それらは全て、このときに建てられたものだ。

 

歴史の長いお寺だけあってか、

鐘つき堂も、本堂も、山門も、ほかと比べて大きく見えた。

鐘楼の前には、旧国分寺の礎石が残っていた

大きな一枚岩で、触れてみると、こころなしか冷たかった。

その冷たさに、重ねてきた時間の長さを、ふと思ったりもした。

 

 

変換 ~ IMG_1407.jpg 15 礎

 

 

現在は、住宅地に囲まれて建っているが、

昔は、もっともっと広い境内だったという。

なんでも、36もの寺院があったのだそうだ。

今でも、周辺の田からは、当時のものがよく出土するらしい。

「昔は、ここが徳島の中心だったんですよ。

ほら、いまの、県庁所在地みたいな。

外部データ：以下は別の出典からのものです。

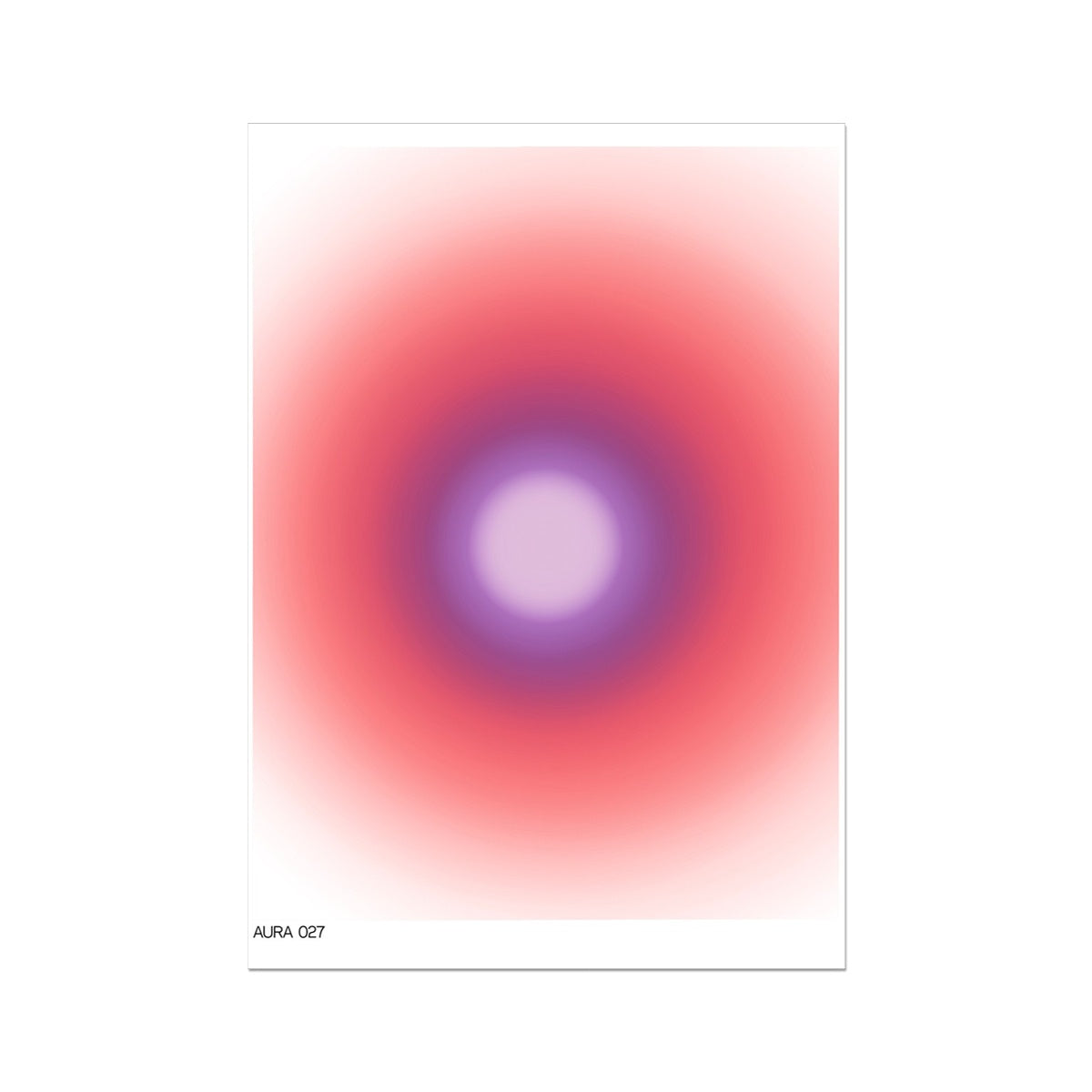 © les muses / One of a hundred dreamy pastel auras in a collection of aesthetic gradient wall art prints. The aura collection features an endless array of colorful and vibrant abstract gradients perfect for those looking for a wide selection of original prints and posters.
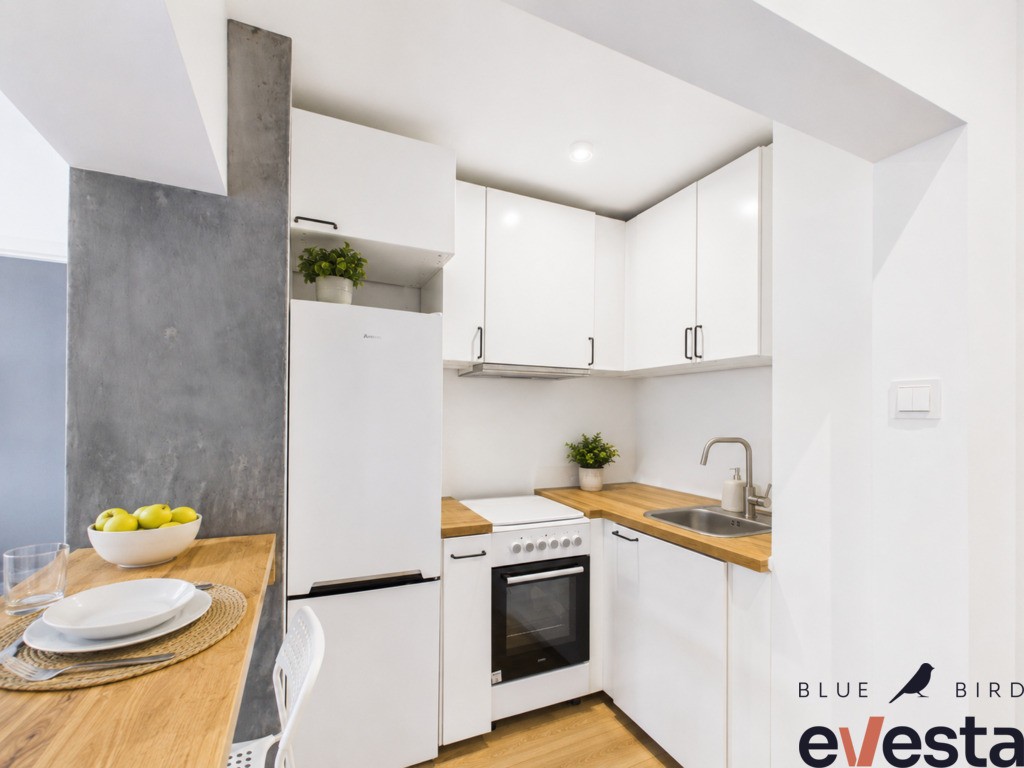 Mieszkanie do wynajęcia, 41 m² Wrocław, Ołbińska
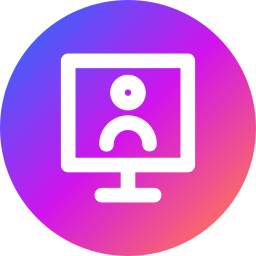 monitor icon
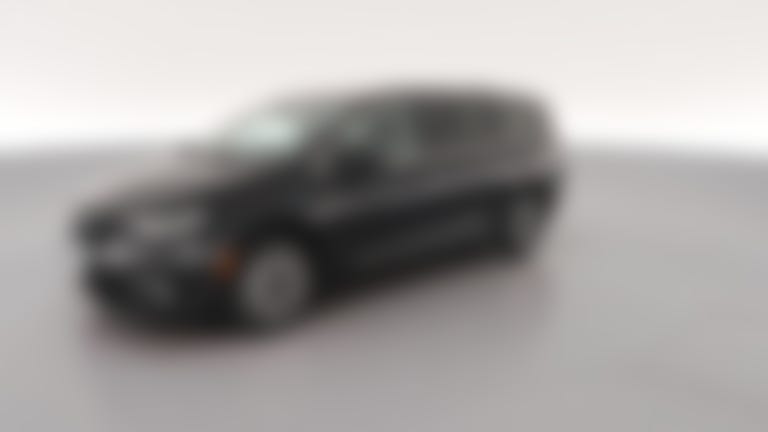 2024 Chrysler Pacifica Hybrid vehicle photo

」と長野さん。

 

変換 ~ IMG_1410.jpg 15 本堂 

 

 

他にも、ここのお寺には、烏沙摩明王がまつられている。

ここのお札をトイレに貼ると、

下半身の病気に効くのだそうだ。

それを目当てにこられる方もたくさんおられるとのこと。

 

現在、枯山水を工事しているところだった。

塀の上からのぞくと、太古の遺跡のように大きな岩が、

たくさん配置されてあった。

あと数年のちには、立派な庭園が見られるようになるはずだ。

古いものを手入れして、次の世代に渡していく。

その営みが、八十八ヵ所を支えているのだと思った。